デビュー時期や年齢がほぼ同じということもあるのでしょう、互いの砕けた口調から仲の良さが知れようものです。乗りかかった舟だと思い、目に留まった最近のBoAさんのインタビュー記事なぞを立ち読みしておりましたが、番組内でも発言していたように、過度にオンナオンナしておらずサバサバしているところが両者に共通しているのかもしれません。当然ながらテレビを意識しているに違いないものの、それでも見方次第では友人同士のありふれた会話と申しますか、いささか所帯じみた光景ですらあったように思います。公私の切り替えをして「スイッチオン」と称していたように、多かれ少なかれ温度差が生じるのは自然なことでしょう。それが仕事とはいえ只でさえ無理を強いるアイドル稼業、ファンにとってはラジオの喋りなどでお馴染みですが、肩肘を張らずにこうした佇まいを公に出せることの意味は小さくないように思います。

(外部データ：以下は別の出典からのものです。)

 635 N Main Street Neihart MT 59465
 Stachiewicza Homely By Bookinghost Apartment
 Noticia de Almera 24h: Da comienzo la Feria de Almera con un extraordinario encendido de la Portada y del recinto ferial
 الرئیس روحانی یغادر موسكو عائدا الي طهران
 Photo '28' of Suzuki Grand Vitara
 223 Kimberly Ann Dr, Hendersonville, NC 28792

両者にあるらしい年齢詐称疑惑や整形疑惑を会話の肴にしつつ、一方で「アイドルかアーティストか」の話題も登場します。アーティストという言葉に何とも言えぬ居心地の悪さを感じるため、自分は努めて用いないようにしているのですが、別にさしたる意図はありません。どうでもいいだけです。ただ、一義的にアイドルがアーティストに劣るものだとは思っていません。確たる専門性を持たない、あるいは持たないと看做されるアイドルにしか為しえないことも多々あるのではないでしょうか。BoAさんは自身を「楽器」と規定しているようで、それを聞く松浦さんもまんざらではなさそうでしたが、いかなる言葉を用いるかはともかく、受け入れるだけではなく一切合財を再び積極的に肯定していけるようになるには、もう少し時が必要となるのかもしれませんね。何様かと。

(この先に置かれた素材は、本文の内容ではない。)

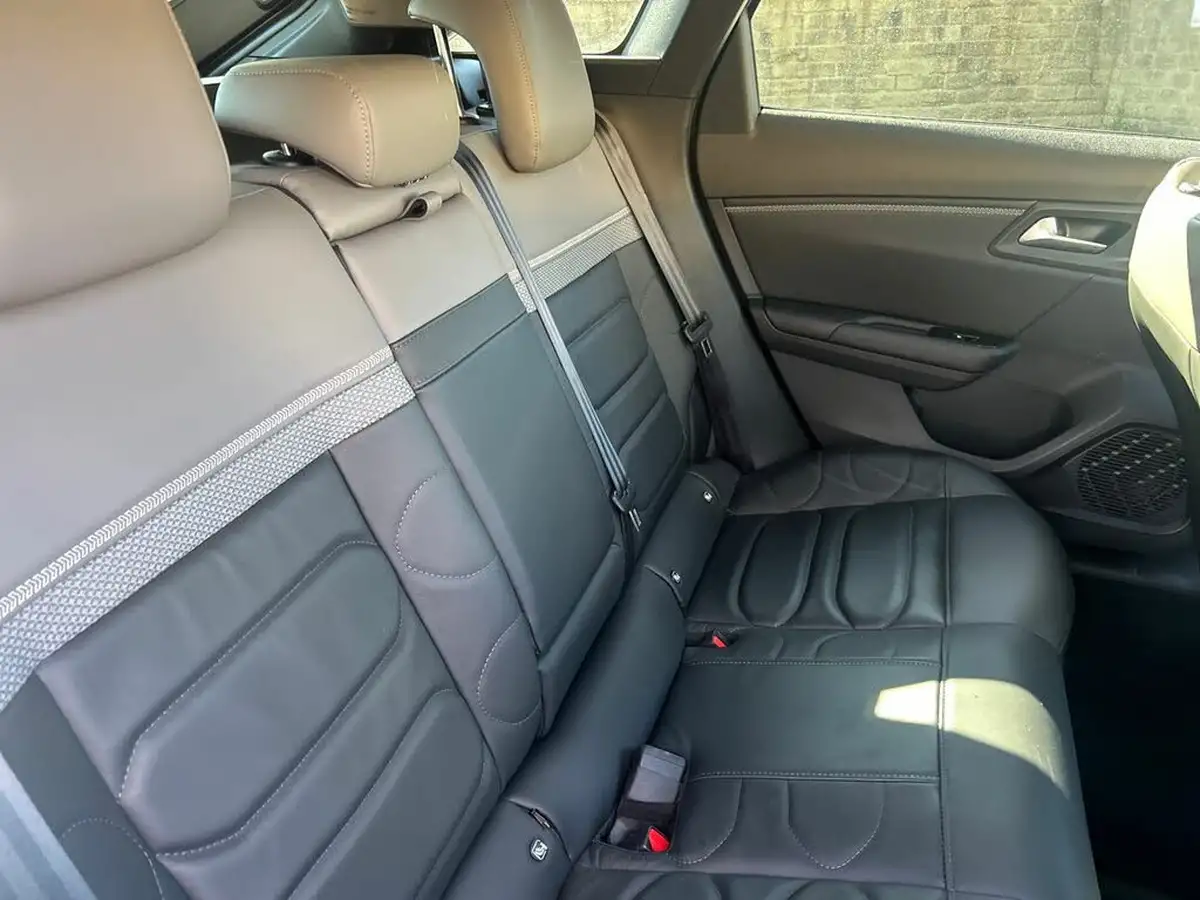 2023-citroen-c5-x-12-puretech-shine-big-35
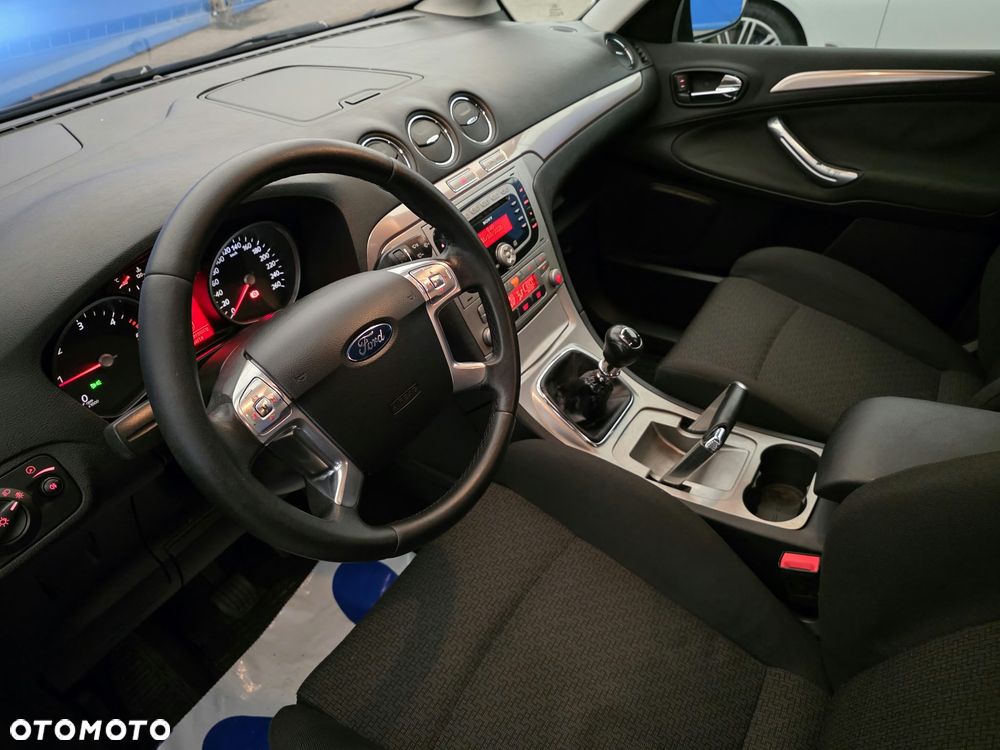 Ford S-Max - 27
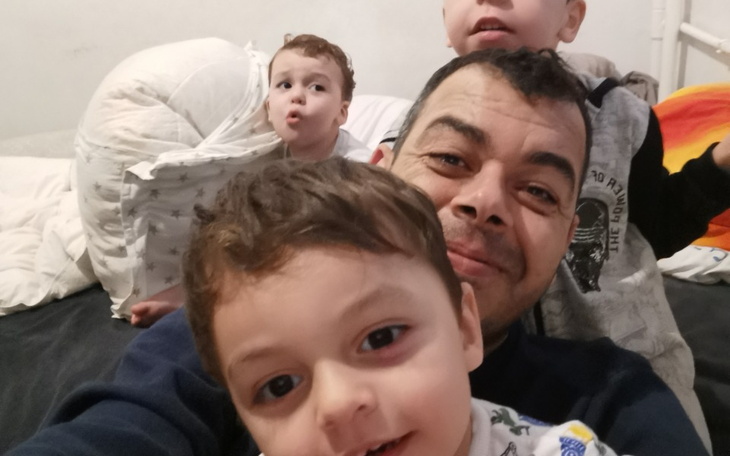 Zbiórka zasiłek rodzinny czworo dzieci - zdjęcie główne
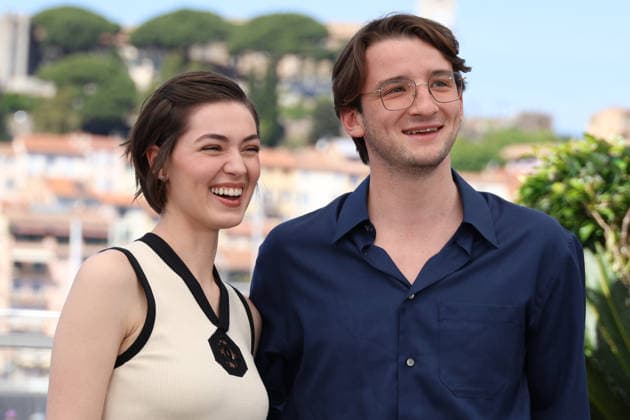 79ème Festival International du Film de Cannes Photocall du film La bataille De Gaulle lâge de fer 79th Cannes Film Festival Photocall with cast of the film La bataille De Gaulle lage de fer Anamaria Vartolomei and Florian Lesieur 456589 2026 05 21 Cannes France  Copyright: xIsabellexVautierx xStarfacex STAR_456589_017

ちなみに自分が松浦さんの未来像を勝手に妄想する際に頭の片隅に置いているのは、他人様のサイトで目にしたことがある松田聖子さんやaikoさんではなく、強いて言うなら小泉今日子さんだったりします。世代が異なるので詳細は知りませんが、大手ファンサイトのデータベースを参照したり、幾つかのアルバムを聴いたりする限りでは、アイドルというグレーゾーンを逆手にとって奔放に、軽やかに、臨機応変に、そしてクレバーに渡りきった人のような印象を受けます。まあ松浦さんとの共通点を無理矢理に探したところで、午後の紅茶オールナイトニッポンくらいしかないのですが、こうあれればいいなあと理想に思ったり思わなかったりしているわけです、はい。これに関しては、また述べることがあるかもしれません。


で、BoAさんのスタジオライブ。もっとキンキンとした歌声の印象があったのですが、いつの間にやら随分としなやかになってますね。『LOVE LOVE LOVE』と言えばダニー・ハザウェイの、ではなくドリカムのそれを本家と共演していました。CDを1枚も所持していないにも関わらず、個人的には『サンキュ』の方が名曲ではなかろうかと思い続けているのですが、なぜか生返事が返ってくるばかりで周囲から同意を得られたことが一度もございません。自分がずれているのか。それはともかく、簡素ながらもツボを押さえたアレンジが映えており、対談そっちのけで繰り返し見てしまいました。憧れの人である吉田美和さんと向かい合って歌うときのBoAさんの表情が何とも言えず幸せそうで、なぜか自分まで嬉しくなります。こういうの歌手冥利につきるんだろうなあ、いいなあ。良質な音楽番組だと思いますから、なぜか過去に一度出演している松浦さん以外で誰かハロプロから出演してほしいものです。